Drop the pictures and extract exactly the lines from the one that contains "Izdajem dvoiposoban namesten" through the end of the material.

**Provided records**:
▼
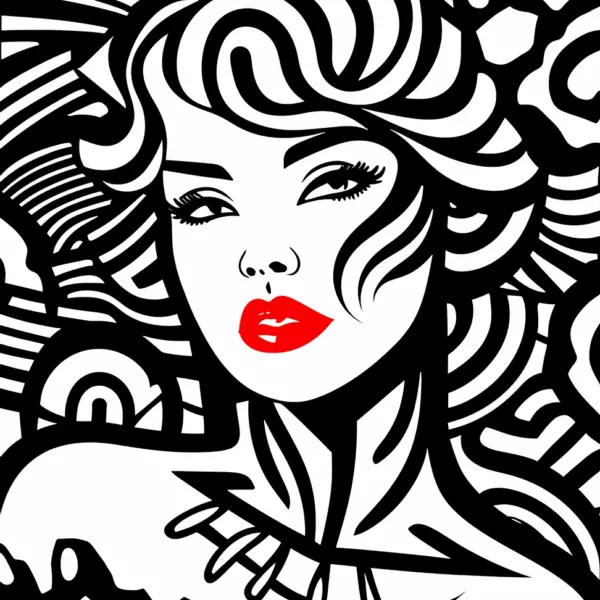 Monroe Wave BW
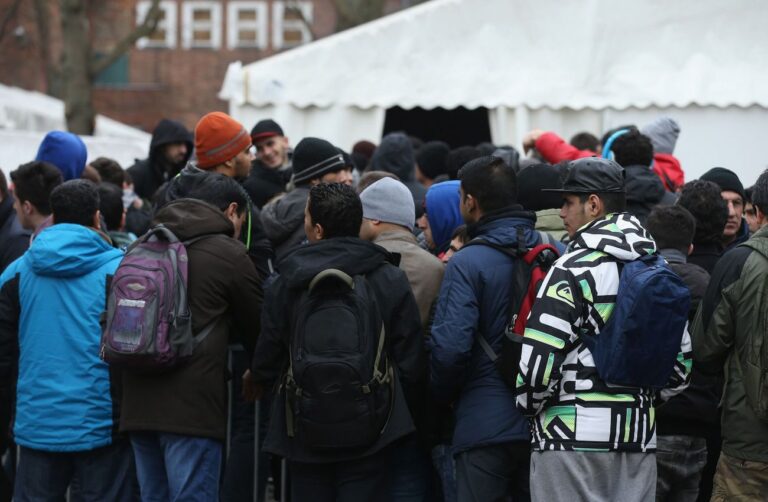 Les craintes augmentent pour les Juifs en Allemagne avec l'afflux de réfugiés musulmans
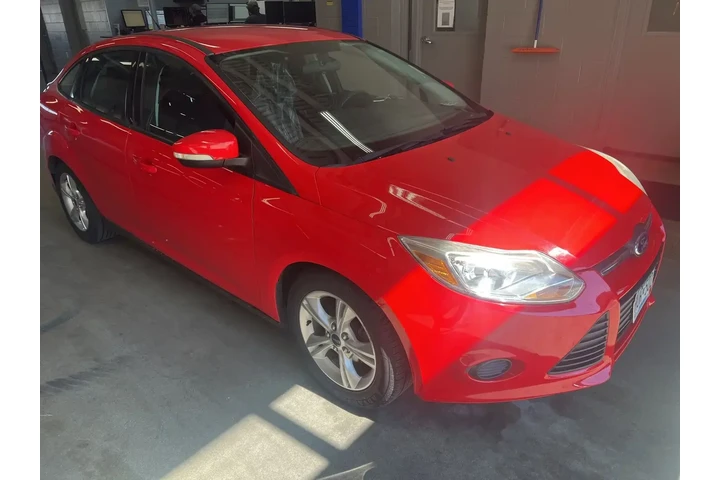 $7999 : Ford Focus 2014 SE 4dr Sedan image 3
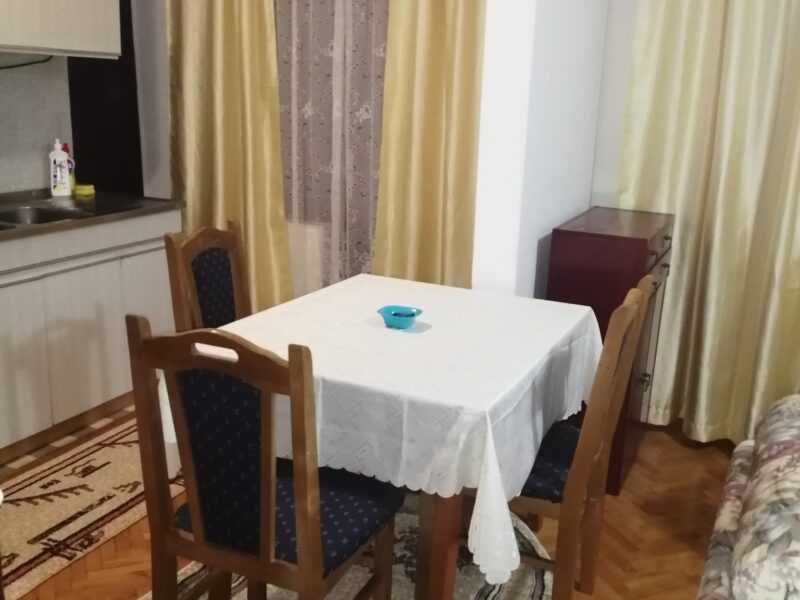 Izdajem dvoiposoban namesten stan u Duvanistu, Nis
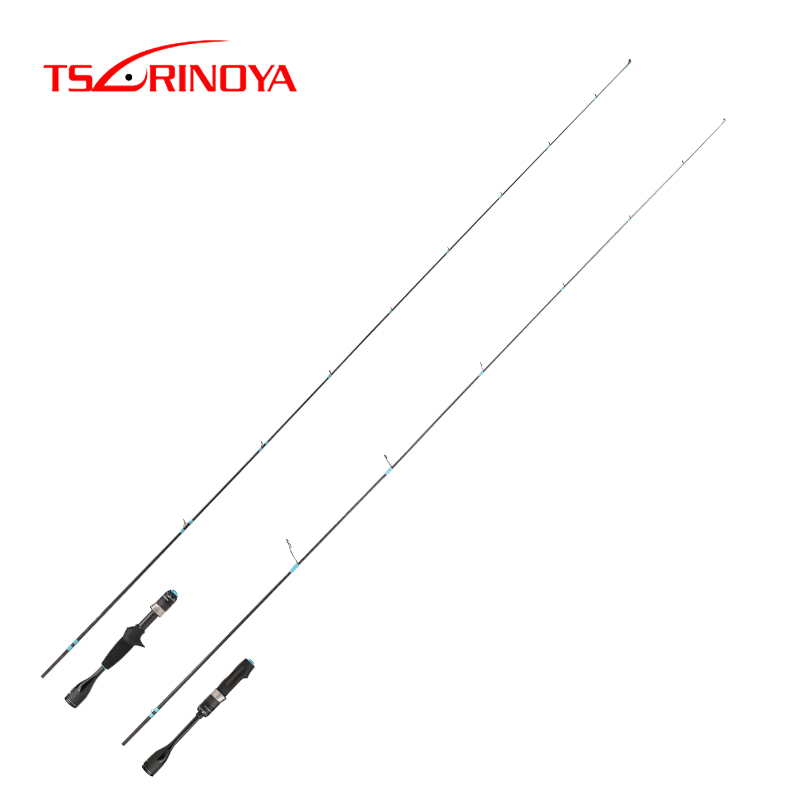 TSURINOYA Fishing Rod TROUT MASTER & ARES C472UL S472UL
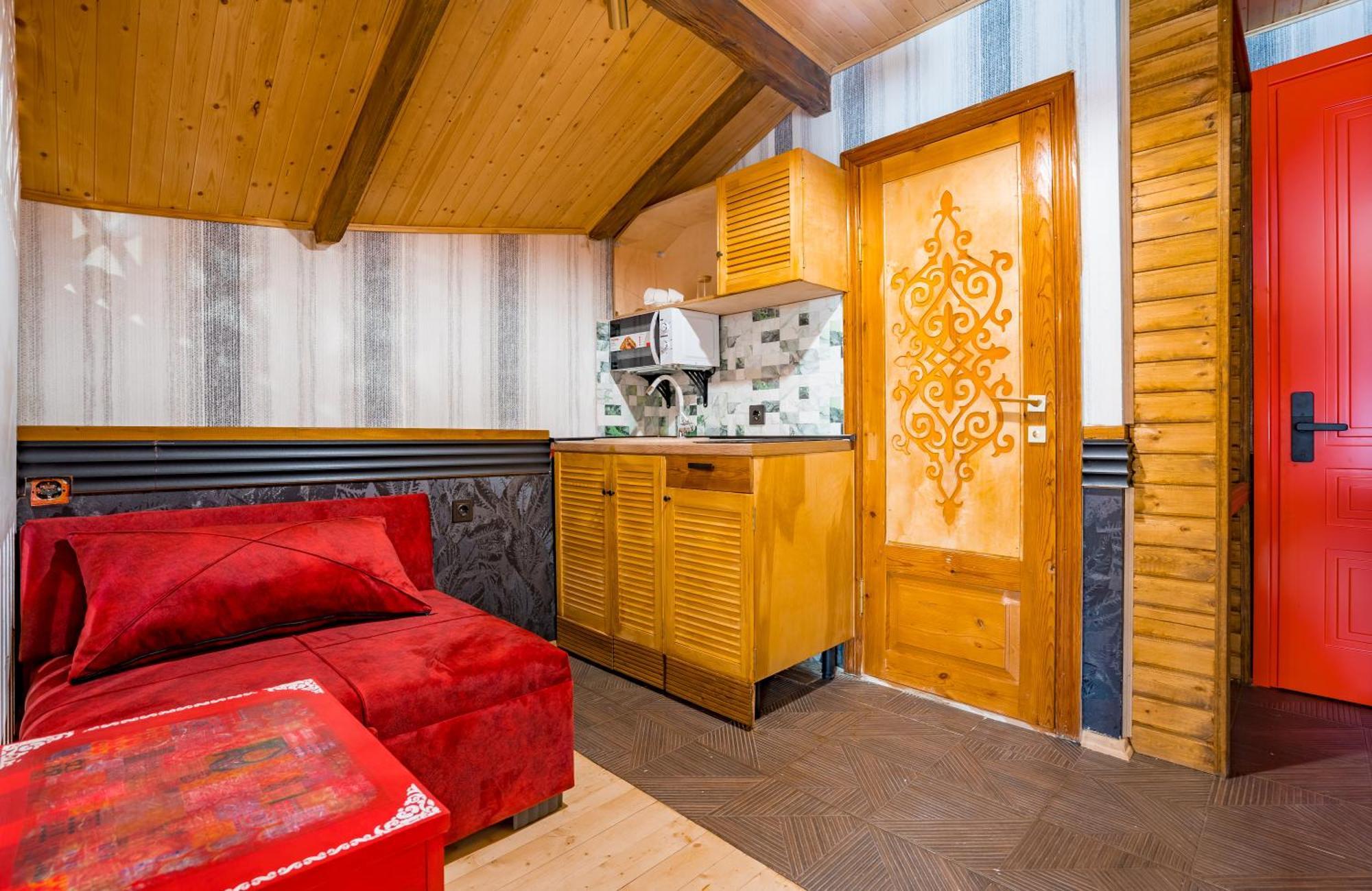Apart View Hotel & Spa Tbilisi ภายนอก รูปภาพ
▲
**Written answer**:
 Izdajem dvoiposoban namesten stan u Duvanistu, Nis
 TSURINOYA Fishing Rod TROUT MASTER & ARES C472UL S472UL
Apart View Hotel & Spa Tbilisi ภายนอก รูปภาพ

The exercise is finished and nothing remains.